6.824 2016 Lecture 5: Raft (1)

this lecture
  today: Raft (lab 2)
  next: using Raft in a key/value server (lab 3)

overall topic: fault-tolerant services using state machine replication (SRM)
  [clients, replica servers]
  each replica server executes same operations in same order
  result: they remain replicas as they execute
  with care, any replica could take over if one failed
    i.e. on failure, client switches to another server
  both GFS and VMware FT have this flavor

what's a typical "state machine"?
  it's the application, or service, being replicated
  internal state, sequence of input commands, outputs
    "sequence" means no parallelism
    must be deterministic
    cannot communicate outside state machine (other than via input and output)
  from here on we'll be talking about fairly high-level services
  example: configuration server, like MapReduce or GFS master
  example: key/value storage server, put()/get() (lab3)

a critical question: how to avoid split brain?
  suppose client can contact replica A, but not replica B
  can client proceed with just replica A?
  if B has really crashed, we *must* proceed without B,
    otherwise we can't tolerate faults!
  if B is up but network prevents us from contacting it,
    maybe we should *not* proceed without it,
    since it might be alive and serving other clients -- risking split brain
    "network partition"
  in general we cannot distinguish between "crashed" and "partitioned"

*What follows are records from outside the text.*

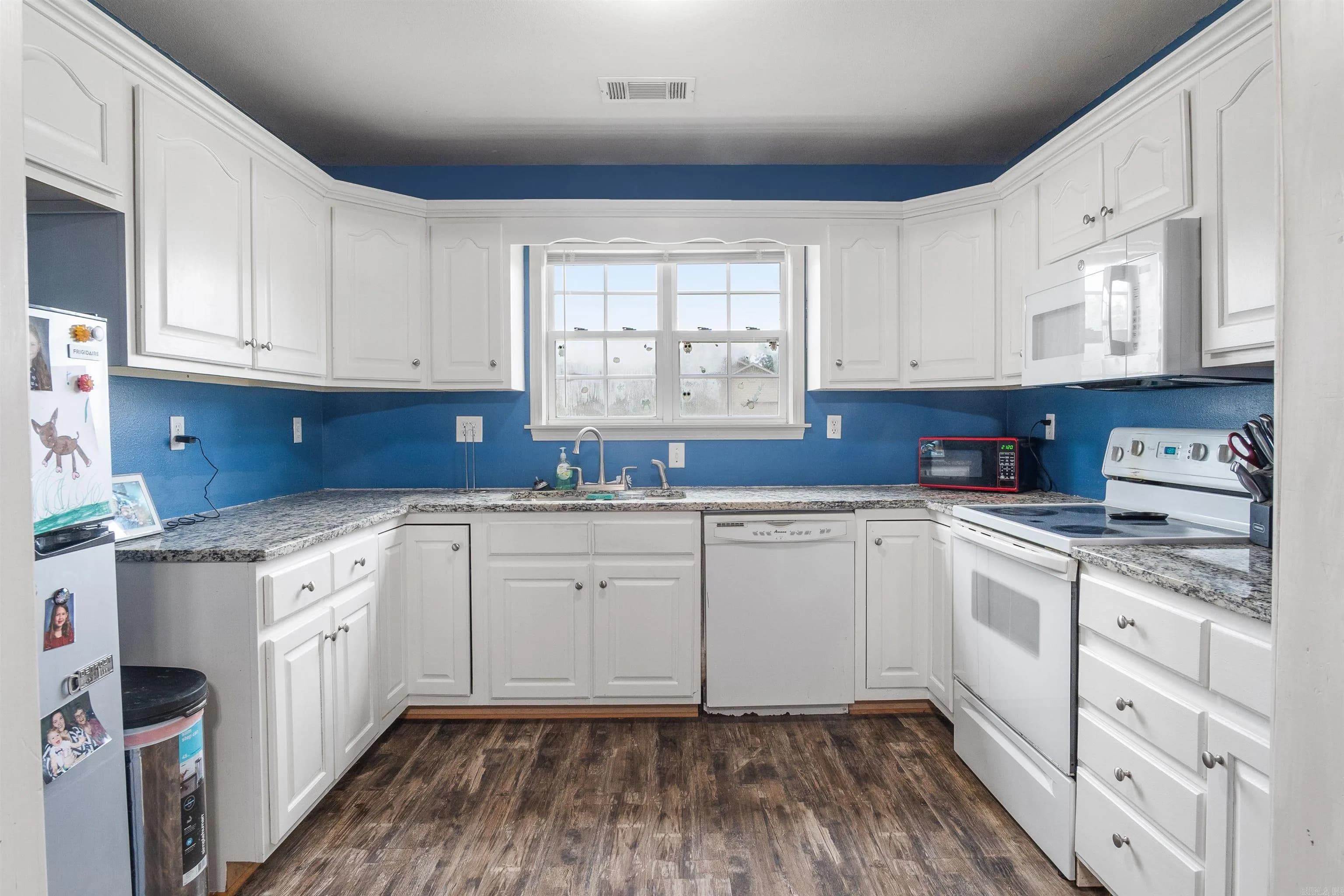 Property at 21  Deer run - Image 6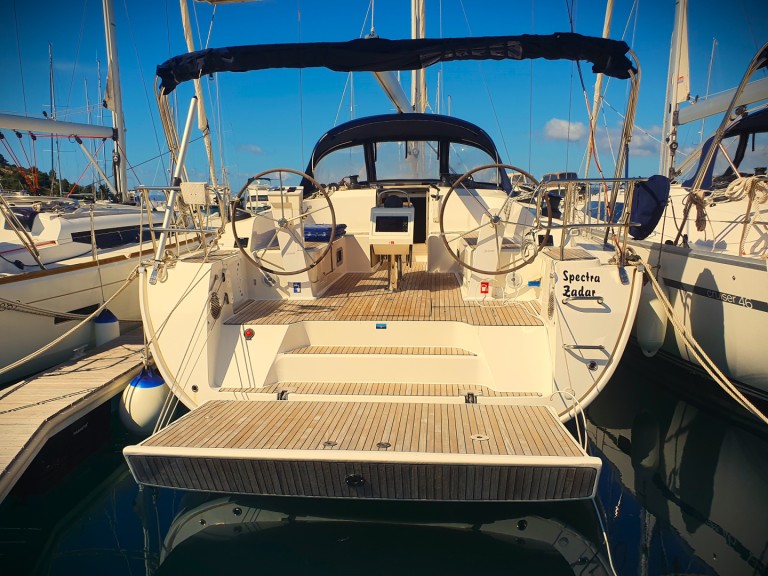 Location bateau Drage pas cher Cruiser 46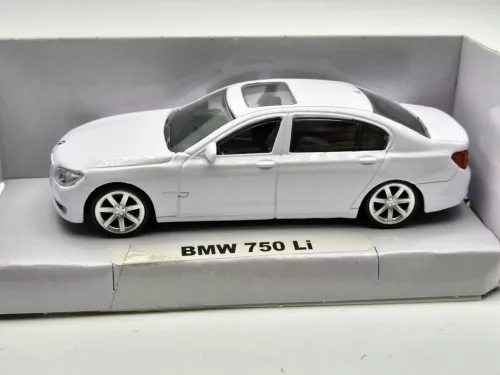 BMW F02 750Li (2018) - white - Rastar - 1:43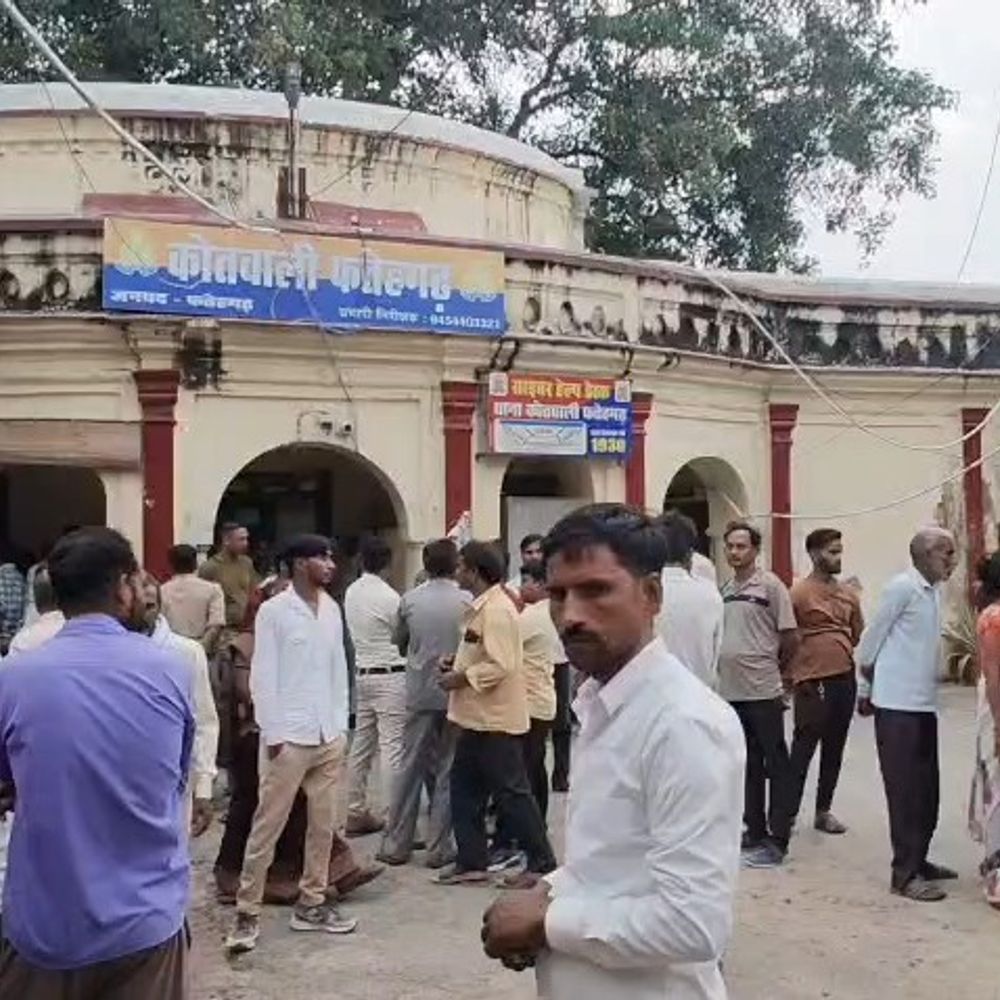 युवक की मौत के बाद फतेहगढ़-कोतवाली के बाहर बैठे परिजन:केस दर्ज करने की मांग, पत्नी का आरोप- पड़ोसियों ने मारपीट की थी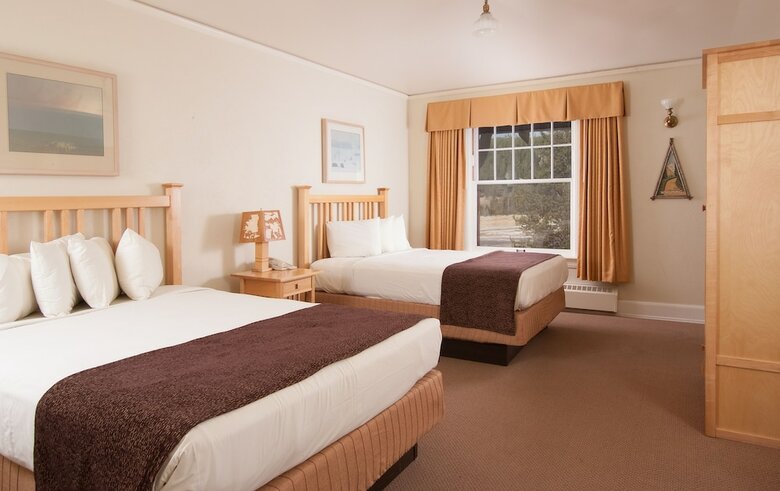 Hotel Old Faithful Inn - Inside The Park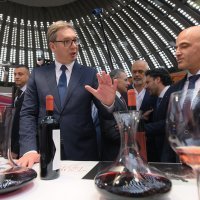 Vučić na sajmu vina u Beogradu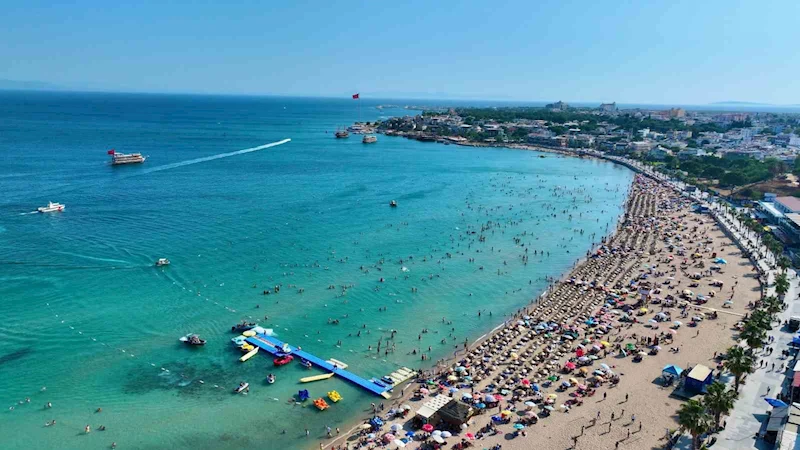 Didim’de bayram yoğunluğu: Sahiller doldu taştı
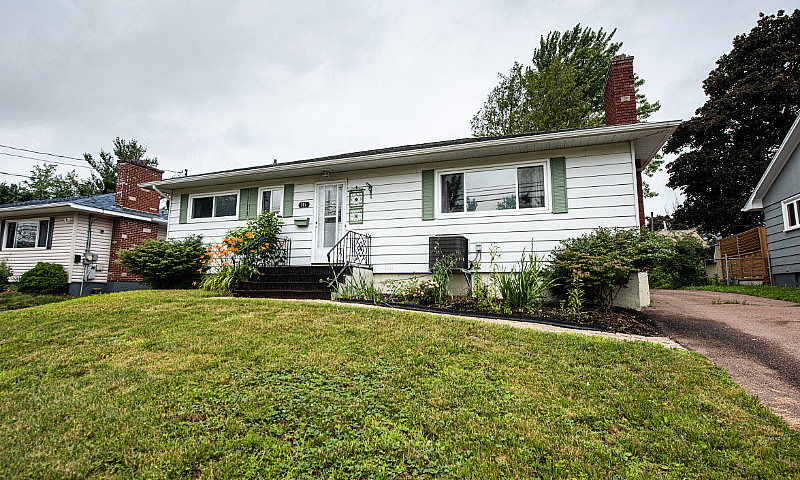 147 Bessborough Ave...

one can avoid split brain using a single "master"
  master computer decides whether A or B is the primary
    there's just one master, so it never disagrees with itself
  clients talk to the master
  this is probably what VMware FT does (atomic test-and-set in shared disk)
  but what if the master fails?
    it's a "single point of failure" -- not so good

We want a state-machine replication scheme that:
  has no single point of failure -- can proceed despite any one failure 
  handles partition w/o split brain

The big insight for coping w/ partition: majority vote
  2f+1 servers, e.g. 3 or 5
  must get majority (f+1) of votes to make progress, e.g. become primary
    thus can can proceed despite failure of up to f servers
    no single point of failure
  why no split brain?
    at most one partition can have a majority
  note: majority is out of all 2f+1 servers, not just out of live ones
  the really critical thing about majorities is that any two must intersect
    servers in the intersection will only vote one way or the other
    and we'll later see that the intersection conveys other information

Two majority replication schemes were invented around 1990,
  Paxos and View-Stamped Replication
  in the last 10 years this technology has seen a lot of real-world use
  Raft is a particularly nice description of the ideas

MapReduce, GFS, and VMware FT would all benefit from SRM
  MapReduce master wasn't replicated
  GFS master was replicated but no story for automatic switch to backup
  VMware FT shared disk atomic test-and-set was (apparently) not replicated

state machine replication with Raft -- big picture:
  [diagram: clients, replicas, k/v layer, raft layer, logs]
  >= three replicas
  Raft picks one server to be leader
  clients send RPCs to k/v layer in leader
    Put, Get, Append
  leader sends each client command to all replicas
    each follower appends to log
    goal is to have identical logs
    converts concurrent client Put(a,1) Put(a,2) into agreed order
  entry is "committed" if a majority put it in their logs -- won't be forgotten
    majority -> can proceed despite minority of failed servers
  servers execute entry once leader says it's committed
    k/v layer applies Put to DB, or fetches Get result
  then leader replies to client w/ execution result

why the logs?
  the service keeps the state machine state, e.g. key/value DB
    why isn't that enough?
  what if a follower misses a few of leader's commands?
    how to bring it up to date efficiently?
    answer: re-send the missing commands
  the log is the sequence of commands so far
    it's equivalent to state -- starting state + log = final state
  the log also gives a convenient numbering scheme, to order the operations
  and the log is a holding area until we're sure a command is committed

will the Raft logs always be exact replicas?
  no: some replicas may lag
  no: we'll see that they can have different entries!
  the good news:
    if a server has executed a command in a given entry number,
    no other server will execute a different command for that entry.
    i.e. the servers will agree on the command for each entry.
    State Machine Safety (Figure 3)

lab 2 Raft interface
  rf.Start(command) (index, term, isleader)
    start agreement on a new log entry
    returns immediately; will succeed (or not) later
    might not succeed if server loses leadership before committing command
    index indicates what log entry to watch
  ApplyMsg, with Index and Command
    Raft generates a message on a channel when the service (k/v server)
    should execute a new command. this also notifies client RPC handler
    on leader so it can reply to the client.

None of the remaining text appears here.